Nicky remains pragmatic about her Auckland podium placing.
"My emotions were mixed, on one hand it was absolute elation, on the other absolute frustration; while the home crowd was going crazy I was thinking `you bloody fool, you lost the gold that was yours to do'. You don't compete to come second or third, but it's not something I beat myself up about, bronze was pretty cool."
It was a bombed reverse two-and-a half-somersault that was her undoing, a feat she'd aced in practise.
Of her Olympic snubs, she didn't take her LA exclusion as hard as Seoul.
"With LA I didn't understand the big picture, 1988 was different, I wasn't in a good place when I lost out there."
For those puzzling to connect the name Riordan with the swag of top flight divers Rotorua's produced* substitute Cooney, Nicky's a Riordan by marriage.
As daughter of long-time PE teacher Val Cooney, it was virtually pre-ordained she'd be a sportswoman par excellence; in her teens she almost became a cricketer but diving won out.
"In an individual sport if you mess up you don't have another person to blame."
She was introduced to the water in Napier.
"Mum took my sister to ballet there, my brother and I went swimming, the coach told Mum 'if all my squad had a heart as big as Nicky's I'd have a squad full of stars' but that I'd never be big enough to be a competitive swimmer."
So diving it was.
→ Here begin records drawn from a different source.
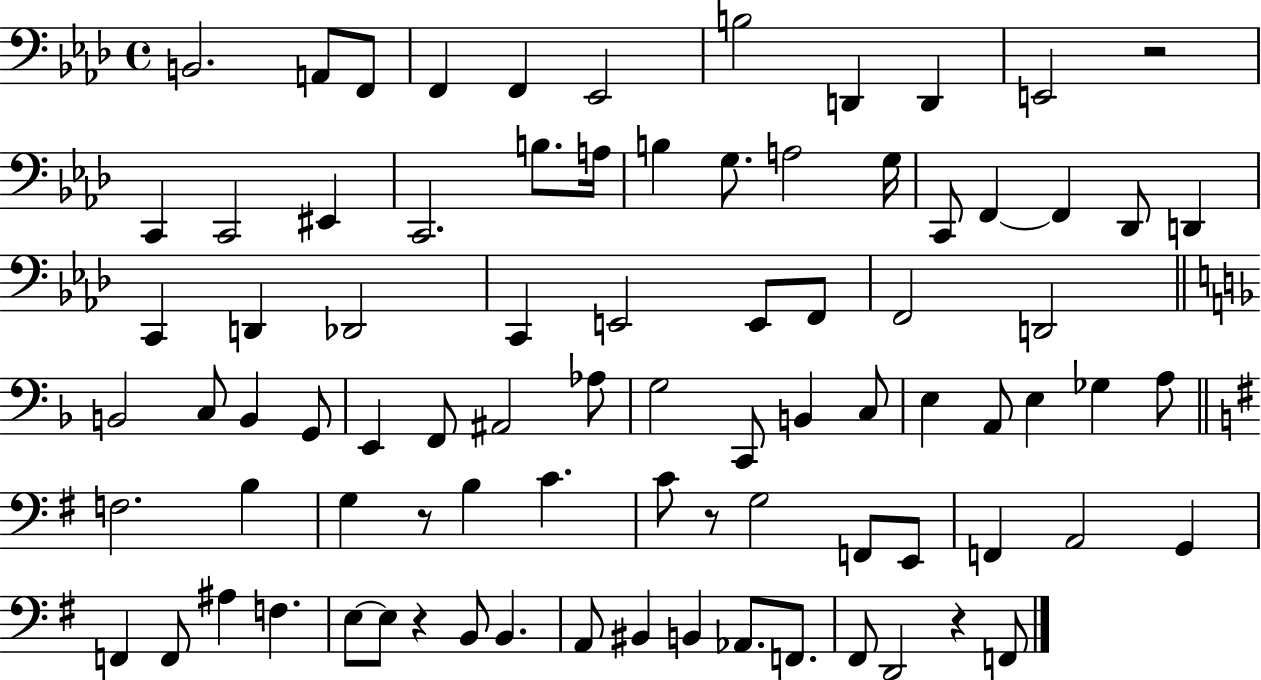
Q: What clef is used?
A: bass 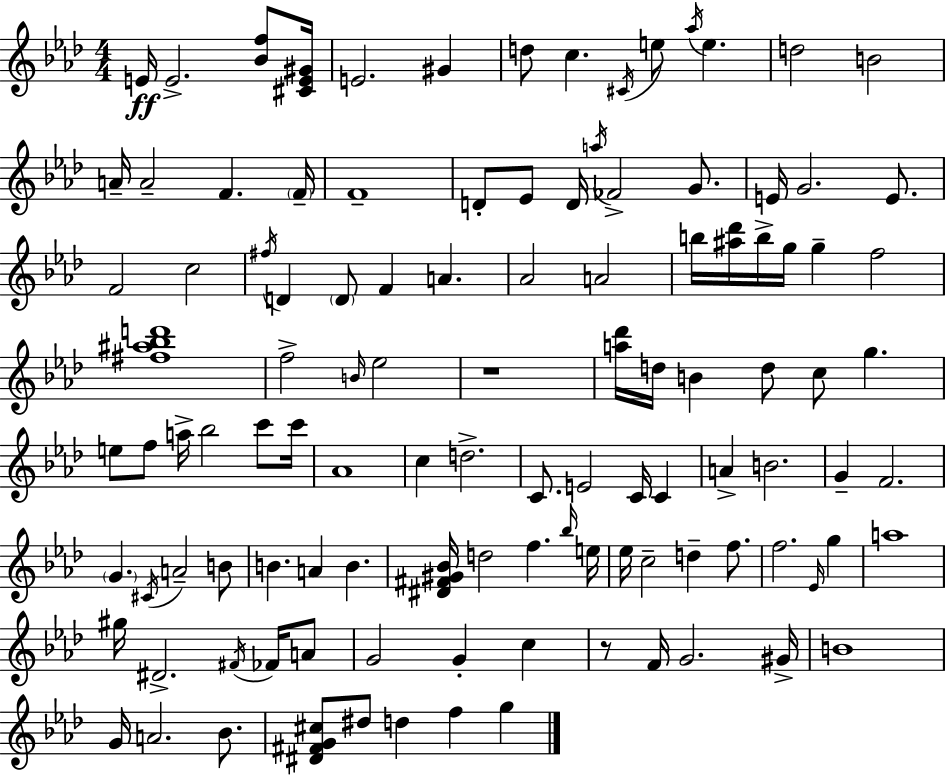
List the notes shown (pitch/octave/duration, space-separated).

E4/s E4/h. [Bb4,F5]/e [C#4,E4,G#4]/s E4/h. G#4/q D5/e C5/q. C#4/s E5/e Ab5/s E5/q. D5/h B4/h A4/s A4/h F4/q. F4/s F4/w D4/e Eb4/e D4/s A5/s FES4/h G4/e. E4/s G4/h. E4/e. F4/h C5/h F#5/s D4/q D4/e F4/q A4/q. Ab4/h A4/h B5/s [A#5,Db6]/s B5/s G5/s G5/q F5/h [F#5,A#5,Bb5,D6]/w F5/h B4/s Eb5/h R/w [A5,Db6]/s D5/s B4/q D5/e C5/e G5/q. E5/e F5/e A5/s Bb5/h C6/e C6/s Ab4/w C5/q D5/h. C4/e. E4/h C4/s C4/q A4/q B4/h. G4/q F4/h. G4/q. C#4/s A4/h B4/e B4/q. A4/q B4/q. [D#4,F#4,G#4,Bb4]/s D5/h F5/q. Bb5/s E5/s Eb5/s C5/h D5/q F5/e. F5/h. Eb4/s G5/q A5/w G#5/s D#4/h. F#4/s FES4/s A4/e G4/h G4/q C5/q R/e F4/s G4/h. G#4/s B4/w G4/s A4/h. Bb4/e. [D#4,F#4,G4,C#5]/e D#5/e D5/q F5/q G5/q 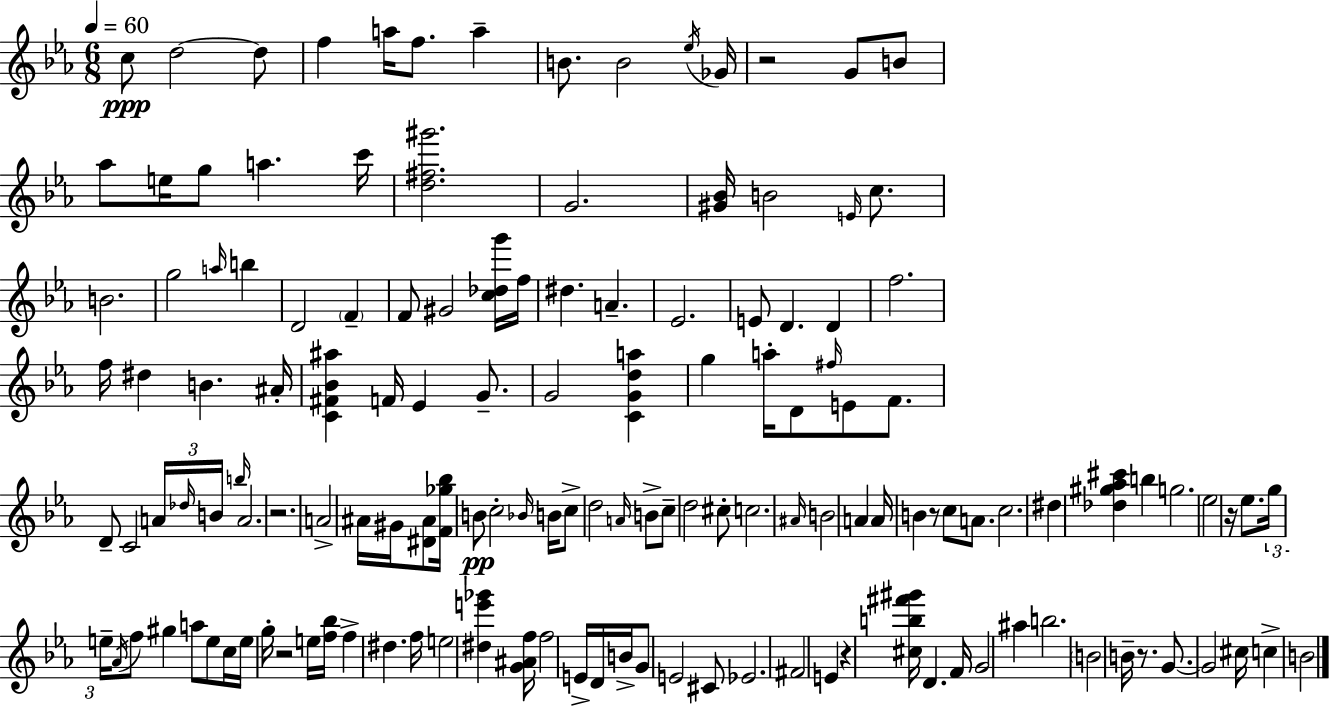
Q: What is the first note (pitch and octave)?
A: C5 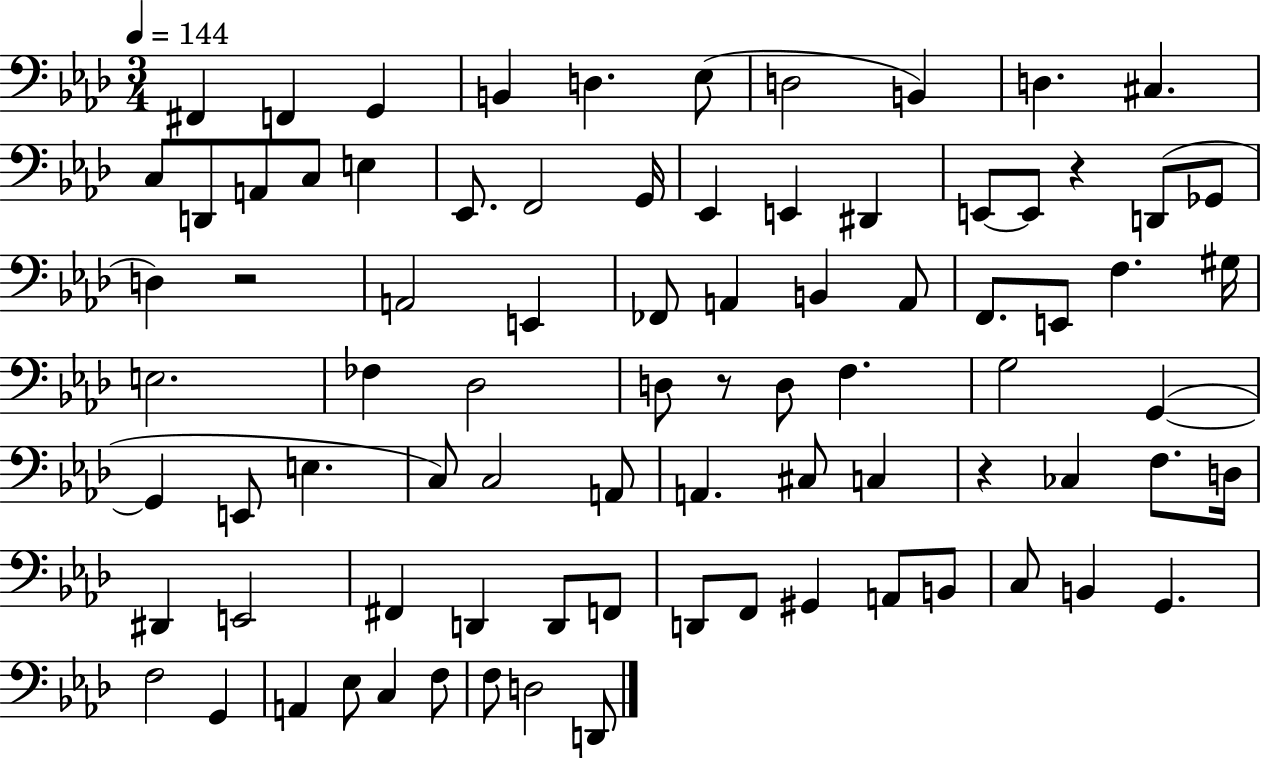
{
  \clef bass
  \numericTimeSignature
  \time 3/4
  \key aes \major
  \tempo 4 = 144
  fis,4 f,4 g,4 | b,4 d4. ees8( | d2 b,4) | d4. cis4. | \break c8 d,8 a,8 c8 e4 | ees,8. f,2 g,16 | ees,4 e,4 dis,4 | e,8~~ e,8 r4 d,8( ges,8 | \break d4) r2 | a,2 e,4 | fes,8 a,4 b,4 a,8 | f,8. e,8 f4. gis16 | \break e2. | fes4 des2 | d8 r8 d8 f4. | g2 g,4~(~ | \break g,4 e,8 e4. | c8) c2 a,8 | a,4. cis8 c4 | r4 ces4 f8. d16 | \break dis,4 e,2 | fis,4 d,4 d,8 f,8 | d,8 f,8 gis,4 a,8 b,8 | c8 b,4 g,4. | \break f2 g,4 | a,4 ees8 c4 f8 | f8 d2 d,8 | \bar "|."
} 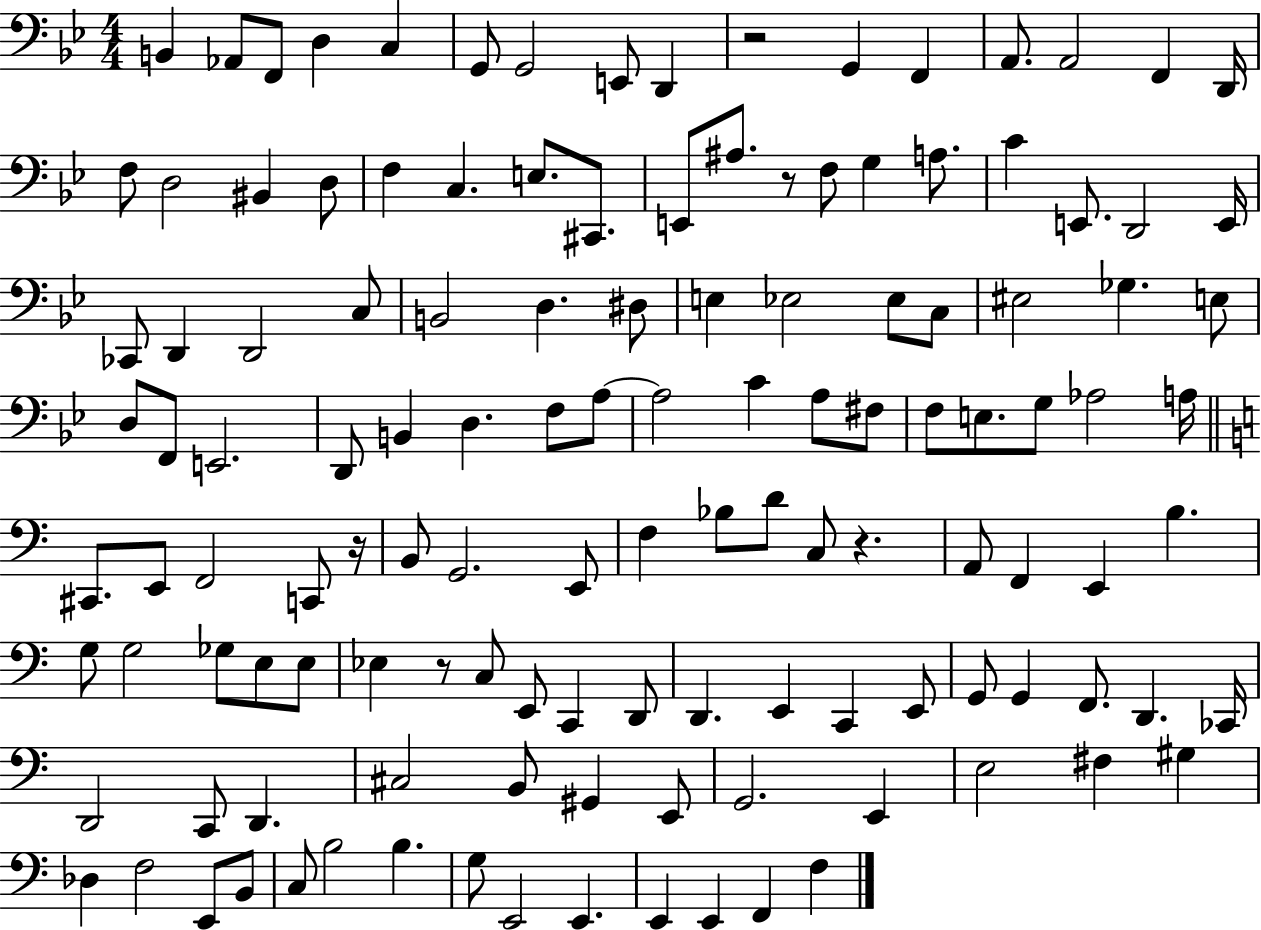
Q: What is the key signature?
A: BES major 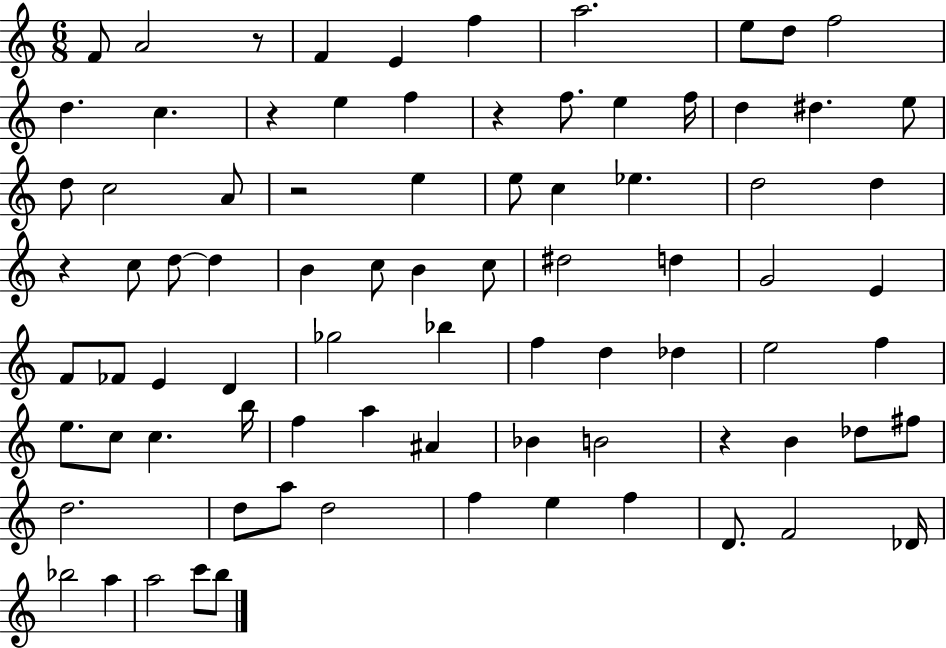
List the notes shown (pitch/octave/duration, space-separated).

F4/e A4/h R/e F4/q E4/q F5/q A5/h. E5/e D5/e F5/h D5/q. C5/q. R/q E5/q F5/q R/q F5/e. E5/q F5/s D5/q D#5/q. E5/e D5/e C5/h A4/e R/h E5/q E5/e C5/q Eb5/q. D5/h D5/q R/q C5/e D5/e D5/q B4/q C5/e B4/q C5/e D#5/h D5/q G4/h E4/q F4/e FES4/e E4/q D4/q Gb5/h Bb5/q F5/q D5/q Db5/q E5/h F5/q E5/e. C5/e C5/q. B5/s F5/q A5/q A#4/q Bb4/q B4/h R/q B4/q Db5/e F#5/e D5/h. D5/e A5/e D5/h F5/q E5/q F5/q D4/e. F4/h Db4/s Bb5/h A5/q A5/h C6/e B5/e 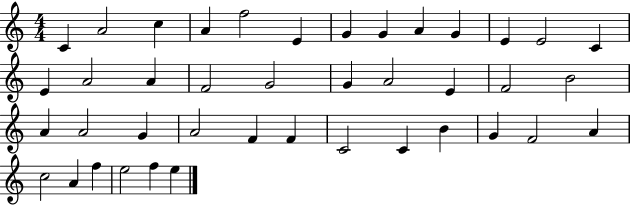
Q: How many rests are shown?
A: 0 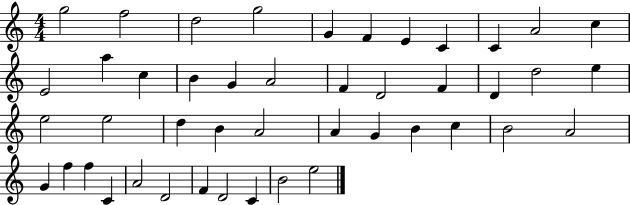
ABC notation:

X:1
T:Untitled
M:4/4
L:1/4
K:C
g2 f2 d2 g2 G F E C C A2 c E2 a c B G A2 F D2 F D d2 e e2 e2 d B A2 A G B c B2 A2 G f f C A2 D2 F D2 C B2 e2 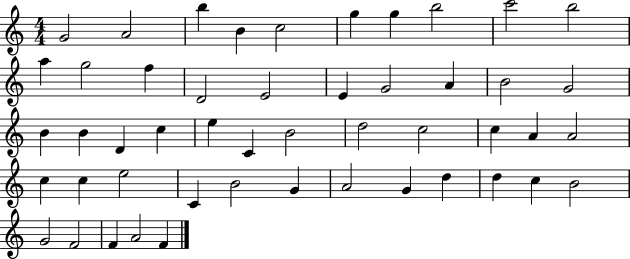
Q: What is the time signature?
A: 4/4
At 11, she was bouncing off the Blue Baths' high board, competing at national level in her first year.
"I guess diving mixed my love for gymnastics and the water, after kindy I'd hang out in the Girls' High gym while Mum taught, I was always a bit of a risk-taker."
When the Blue Baths closed Nicky's father, Denis Cooney, and her coach joined forces to import a sprung board from the States, installing it at the Rotokawa Motel.
"It was where the sun lovers [nudists] met, as a pre-teen I didn't know where to look."
However being 2 feet [0.6096 metres] deeper than the "unforgiving" Blue Baths, the pool was ideal for budding champions.
Nicky and her brother, also a keen diver, began early morning training at Te Puke High, the only deep water pool in the Bay of Plenty with a 3 metre board.
"We'd train for an hour-and-a-half, be back in time for school."
She's adamant she's not being modest by claiming her brother was the better diver, but shoulder problems forced him off the board.
Throughout her Girls' High years she trained in the Waikato University pool at weekends, her parents' caravan kept in a nearby camping ground.
When leading New Zealand coach, Merv Campbell, decreed her potential wouldn't be reached without daily training in Hamilton's deep water pool, Nicky boarded at Waikato Diocesan.
"I didn't appreciate then how many sacrifices my parents and grandma, Ethel Slow, made for me . . . I come from a pretty humble background, Dad had a septic tank business."
Her time in Hamilton coincided with the city hosting the world diving champs.
"I didn't get UE but did qualify for LA. When I missed selection I was lucky enough to go on overseas tours, a lot of the strongest competion's in the US."
The bank of Mum, Dad and Grandma financed her time with a Long Beach, (California) coach. "Everything was self-funded then."
Nicky became a regular on the Can-Am-Mex (Canada-America-Mexico) circuit, alternating hemisphere summers.
She was in the States when she was selected for Edinburgh; the master of understatement she describes it as "pretty cool".
At Edinburgh she eyeballed royalty. "I had to stop in mid-competition as Princess Di walked in front of me."
Her eventual 5th placing was better than she'd hoped, but on her final night in the games village she sprained an ankle.
"It was party, party time, I slipped."
The injury badly affected her pre-Madrid world champs training.
"My head wasn't in the game, what I probably needed was a good boot up the arse.
"I'd hit rock bottom, came home."
After her Seoul shunning she again "crashed and burned".
Training in Hamilton continued under an imported Chinese coach, she applied to join the police, heard nothing for almost two years, only learning she was accepted while in the Auckland games village.
After spells as a Rotorua postie "peddling up Mt Ngongotaha was hell but kept me fit" and a brief stint in a Hamilton warehouse, the police seemed a stable career choice.
"I trained with a girl who came to the pool in Air Force uniform, I thought `yeah, I'm going to have a job with a uniform, I had relatives in the police, Ministry of Transport."
After six years time out, she's into her second stint as a sworn officer, heading the Road Policing Team with the rank of senior sergeant.
"I'm out of diving now, I'm an old lady, but I've just gone back to swimming, training for the Blue Lake quarter Ironman in December.
"My diving years were hard work, I went into the police knowing it was my life's next chapter."
*Rebecca Ewert was the country's first Olympic diver, competing at the 1976 Montreal Olympics and twice at Commonwealth Games level.
NICKY RIORDAN (nee COONEY)
Born: Rotorua, 1966
Education: Malfroy Primary, Rotorua Intermediate, Girls' High, Waikato Diocesan
Family: Parents Val and Denis Cooney, two sisters, one brother, daughters Stephanie, 18, Hayley, 17
Interests: Family, avid armchair sports critic. "I've played soccer, rugby, cricket."
Swimming. "Detective yarns, yeah, ironical I know."
Major recognitions: Commonwealth Games bronze medal, Commemoration Medal for Service to NZ, Waikato Diocesan Centenary Sportswoman of the Year
Advice to Olympic competitors: "This is just another competition you've trained for, don't let the occasion overtake your focus."
Personal philosophy: "I don't have one."